Applied Digital
(APLD -3.69%) stock skyrocketed 31% on Thursday to close at $13.14, making it one of the day's top-performing small-cap tech stocks. The rally was likely related to the company's stronger-than-expected fiscal Q4 earnings report (released Wednesday after market close) and a major expansion of its long-term lease agreement with AI hyperscaler CoreWeave (CRWV -8.26%). The company saw trading volume more than 2.5 times its recent average, indicating heavy institutional interest. While Applied Digital remains about 17% below its 52-week high of $15.42, the stock decisively broke above recent resistance levels and is now up sharply year-to-date.

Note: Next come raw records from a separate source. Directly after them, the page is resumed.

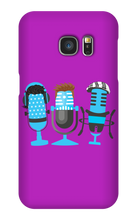 REAL Migos Samsung Phone Case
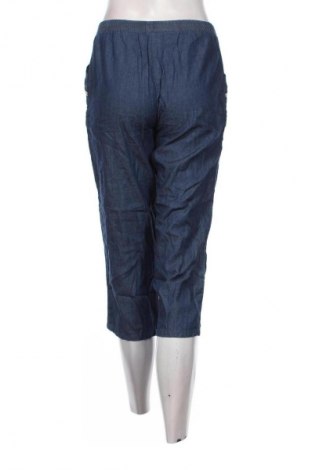Γυναικείο Τζίν Unbranded, Μέγεθος S, Χρώμα Μπλέ, Τιμή 6,99 €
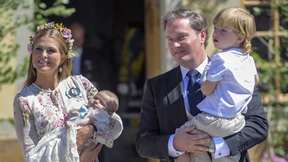 Plötzlich keine königliche Hoheit mehr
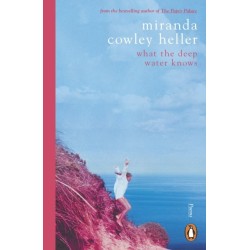 What the Deep Water Knows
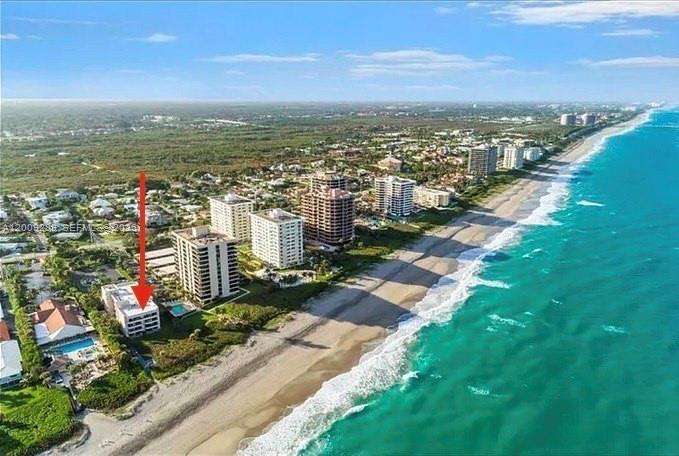 Juno Shores Resort Condo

Broader markets traded softly, the S&P 500 declined 0.4%, while the Nasdaq Composite was effectively flat (down 0.03%) after briefly hitting an all-time intraday high. Still, Applied Digital significantly outperformed key peers. DigitalOcean (DOCN -6.82%) was little changed at +0.2%, while Super Micro Computer (SMCI -4.90%) slid 2.9%.

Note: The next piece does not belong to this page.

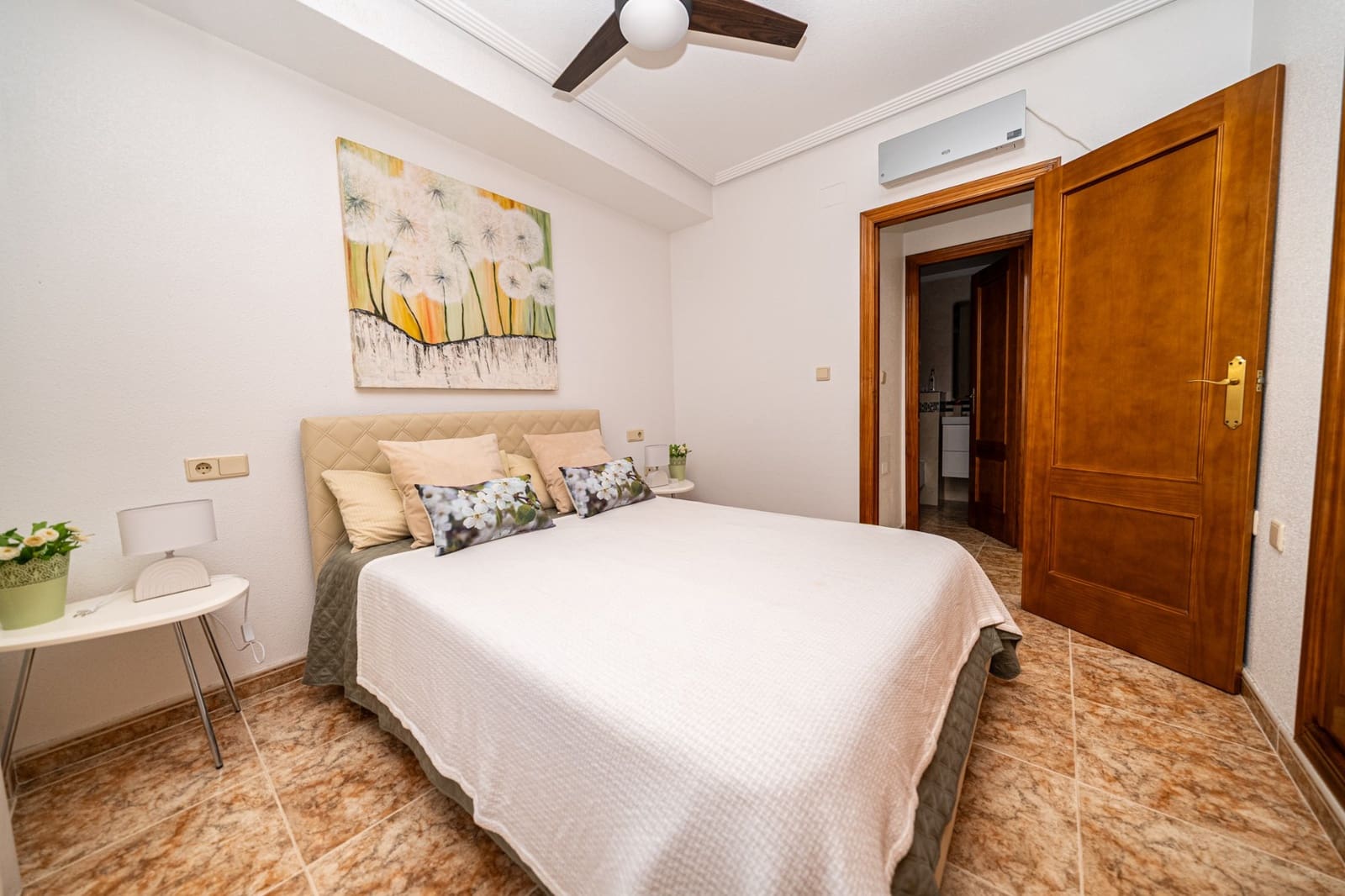 2 soveværelse Lejlighed til salg i Orihuela Costa med swimmingpool - € 192.500 (Ref: 10158827)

In fiscal Q4, Applied reported $38 million in revenue, up 41% year over year, and an adjusted EPS loss of $0.03, easily beating analyst expectations. Most notably, the company announced that CoreWeave exercised a 150-megawatt (MW) lease option, boosting total contracted capacity to 400 MW and unlocking up to $11 billion in potential revenue over the next 15 years.

CEO Wes Cummins emphasized acceleration at the company's Polaris Forge 1 campus and reiterated long-term plans to generate $1 billion in annual NOI within 3–5 years, supported by demand from hyperscale cloud customers.